Problem details: Nothing but the lines from the one holding "ERRATALe Roman comique" to the final line of the listing below, both included, should be repeated, and each must match exactly. Omit pictures.

Records for this task:
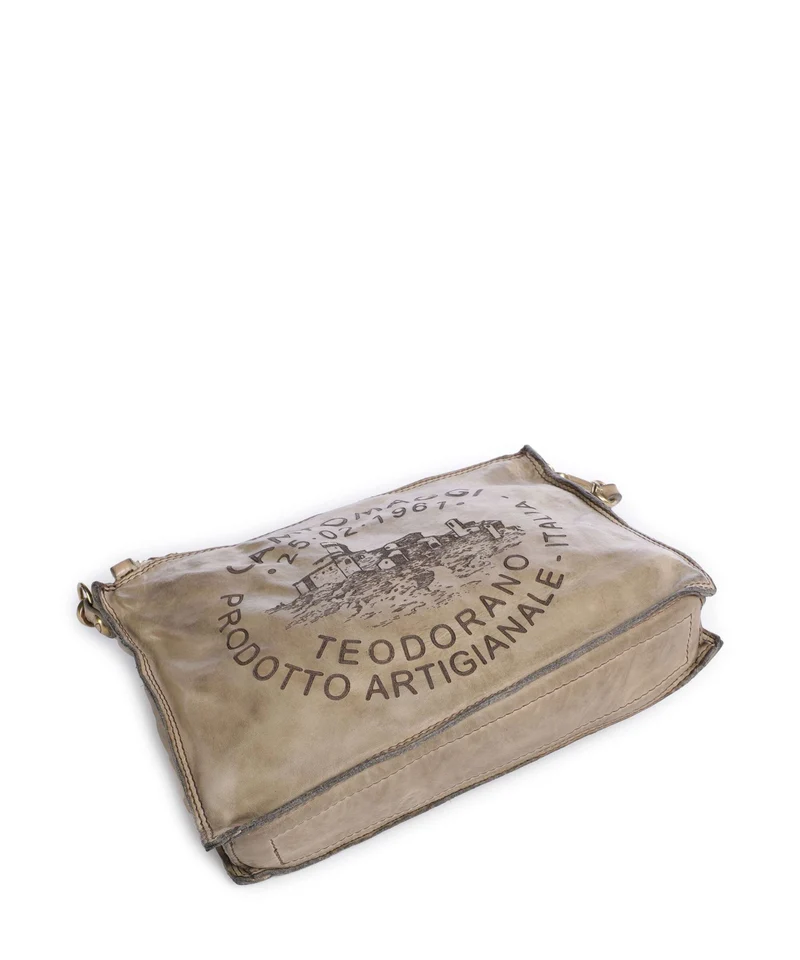 Campomaggi Schultertasche ice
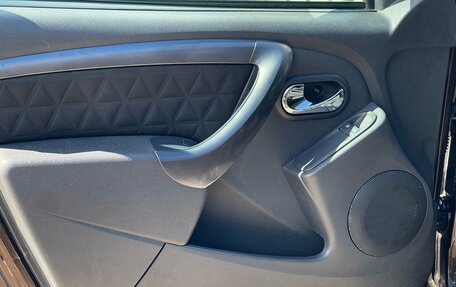 Renault Duster I рестайлинг, 2017 год, 1 399 000 рублей, 16 фотография
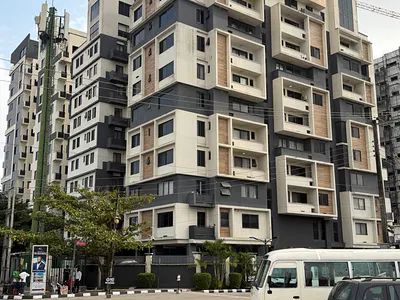 4 Bedroom Maisonette with BQ — Victoria Island (VI), Lagos
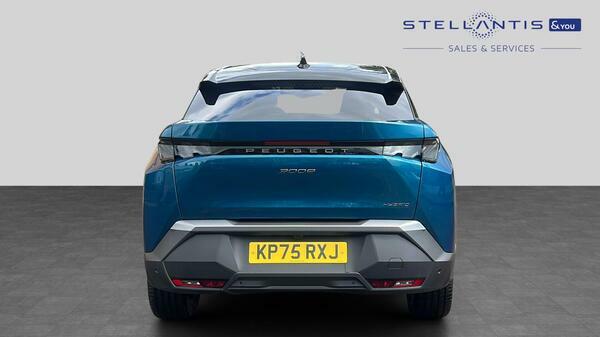 Peugeot 3008 1.2 Gt Suv Hybrid E-dsc6 Euro 6 Ss KP75RXJ  #4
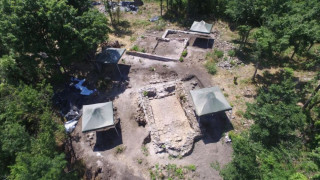 Археолози удариха джакпот на крепостта Урвич край София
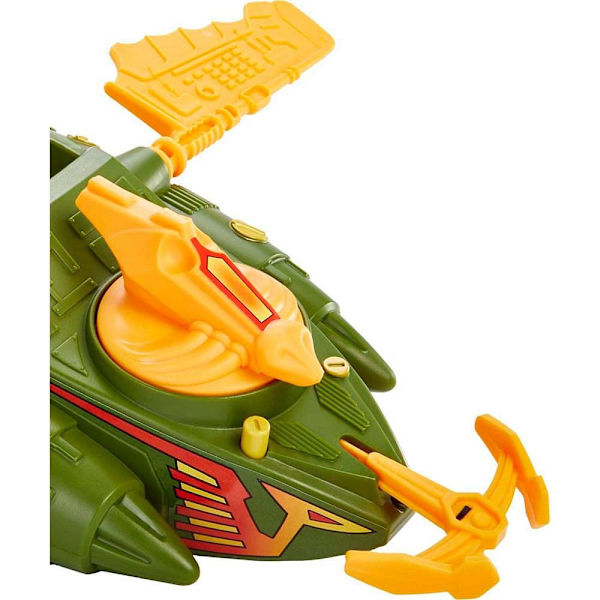 Masters Of The Universe Skib Legetøjskøretøj Wind Rider Flerfarvet
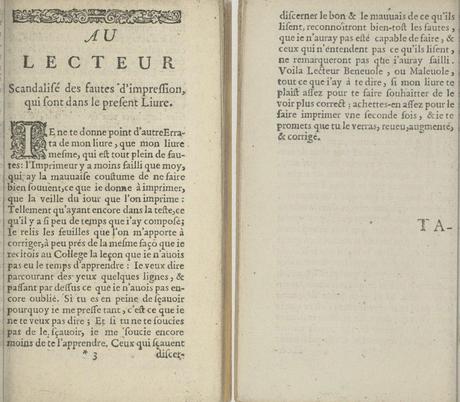 ERRATALe Roman comique (1651)- Scarron -AU LECTEURScandal...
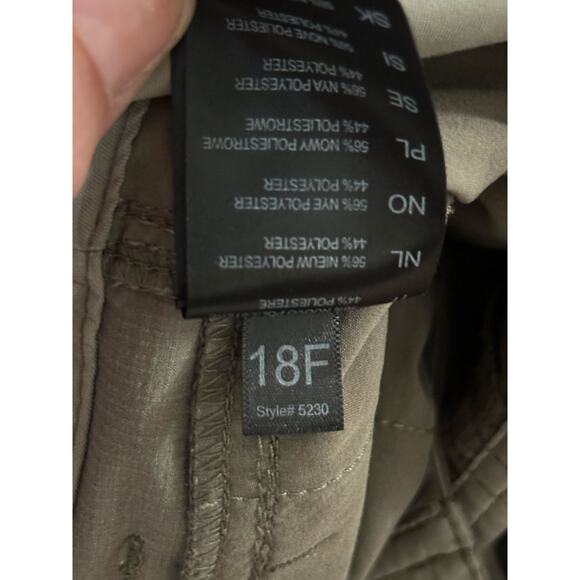 Kuhl Men's Brown Lightweight Hiking Quick Dry Trekr 11" Shorts Size 38 5230 - Picture 7 of 10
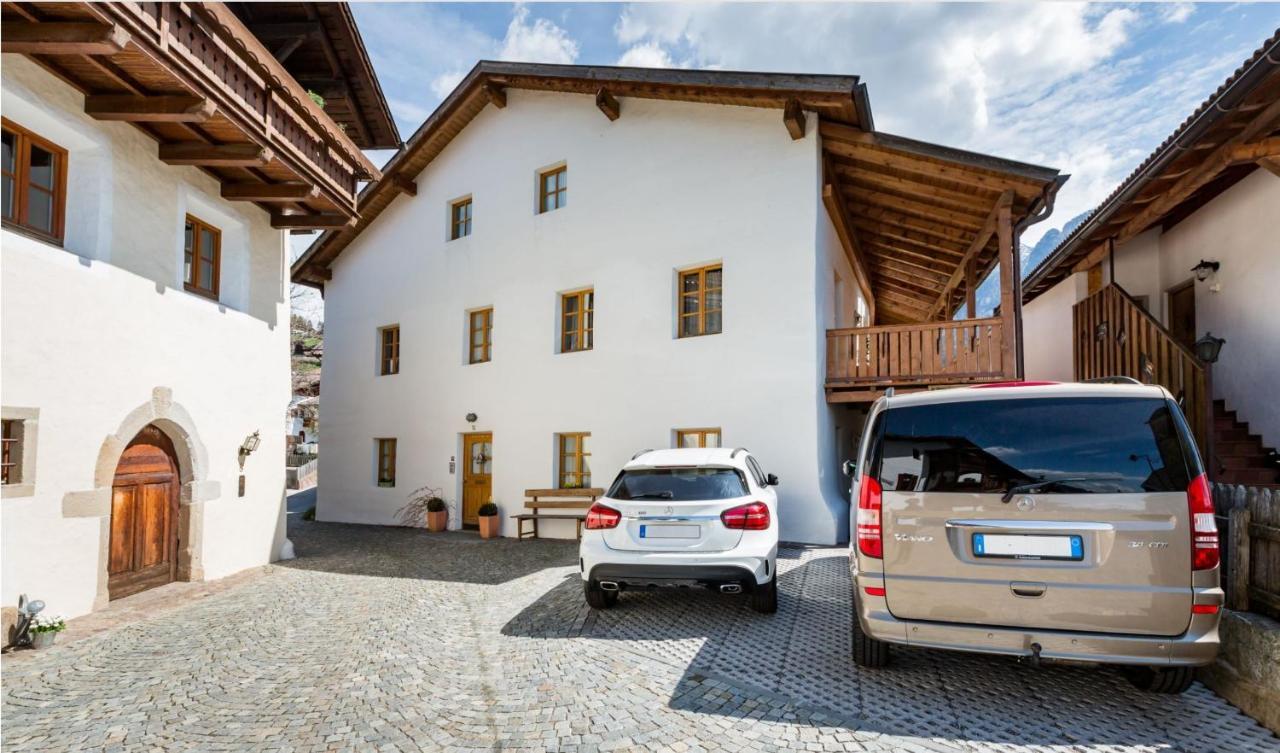 Lions Apartments Völs am Schlern Exterior foto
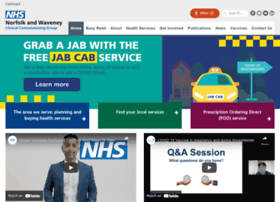 Westnorfolkccg.nhs.uk thumbnail Westnorfolkccg.nhs.uk thumbnail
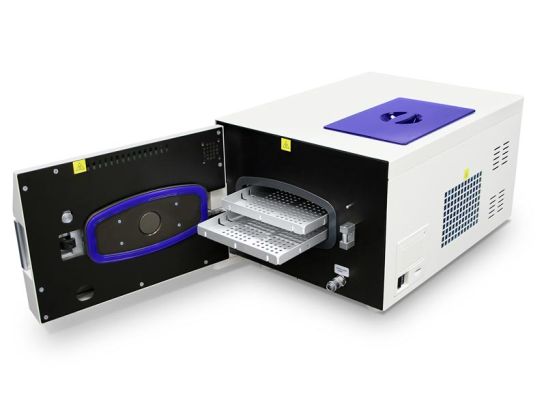Autoclave classe B da 3 litri con ciclo di sterilizzazione ultrarapido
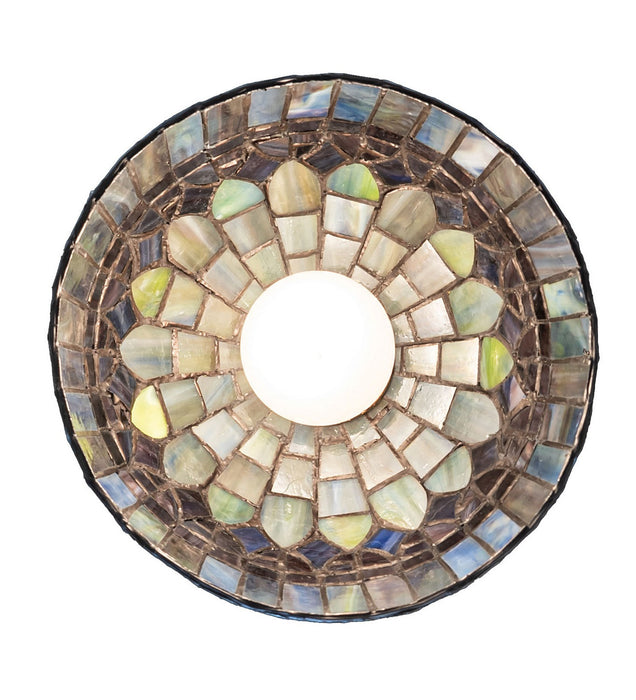 Meyda Tiffany - 276098 - One Light Flushmount - Tiffany Candice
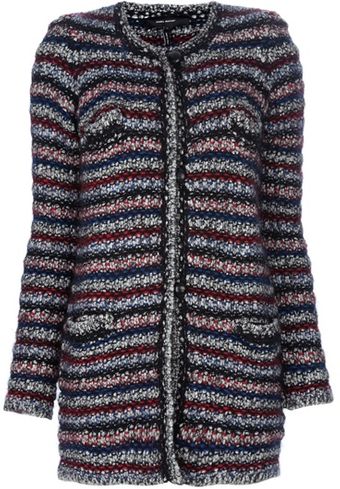 Isabel Marant Barney Cardigan - Lyst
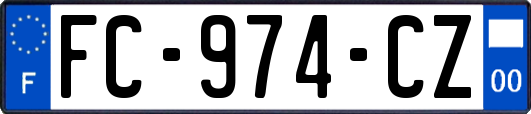 FC-974-CZ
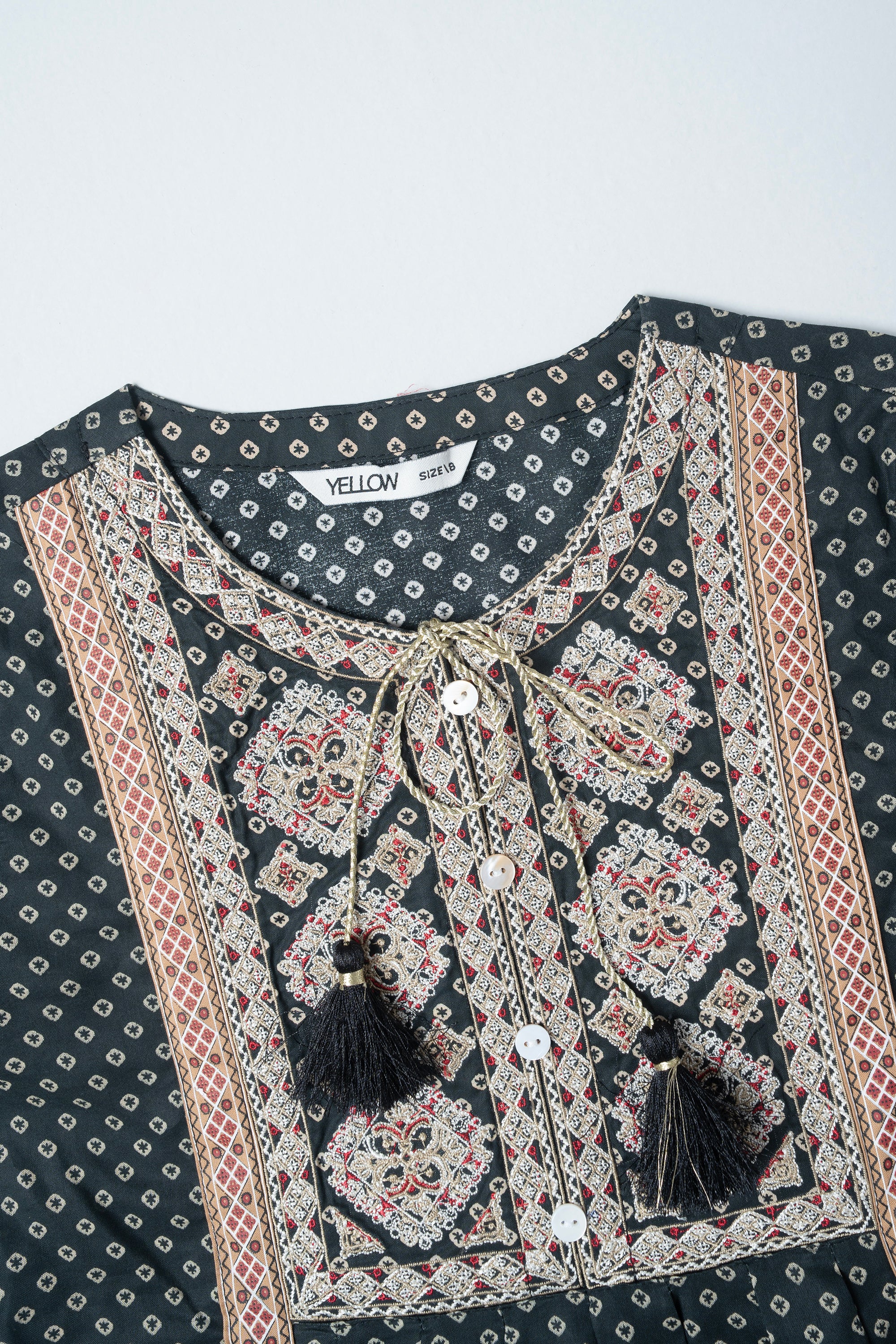 Girls' Ethnic Top (2-4 Years) - Image 10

Your response:
 ERRATALe Roman comique (1651)- Scarron -AU LECTEURScandal...
 Kuhl Men's Brown Lightweight Hiking Quick Dry Trekr 11" Shorts Size 38 5230 - Picture 7 of 10
 Lions Apartments Völs am Schlern Exterior foto
 Westnorfolkccg.nhs.uk thumbnail Westnorfolkccg.nhs.uk thumbnail
Autoclave classe B da 3 litri con ciclo di sterilizzazione ultrarapido
 Meyda Tiffany - 276098 - One Light Flushmount - Tiffany Candice
 Isabel Marant Barney Cardigan - Lyst
 FC-974-CZ
 Girls' Ethnic Top (2-4 Years) - Image 10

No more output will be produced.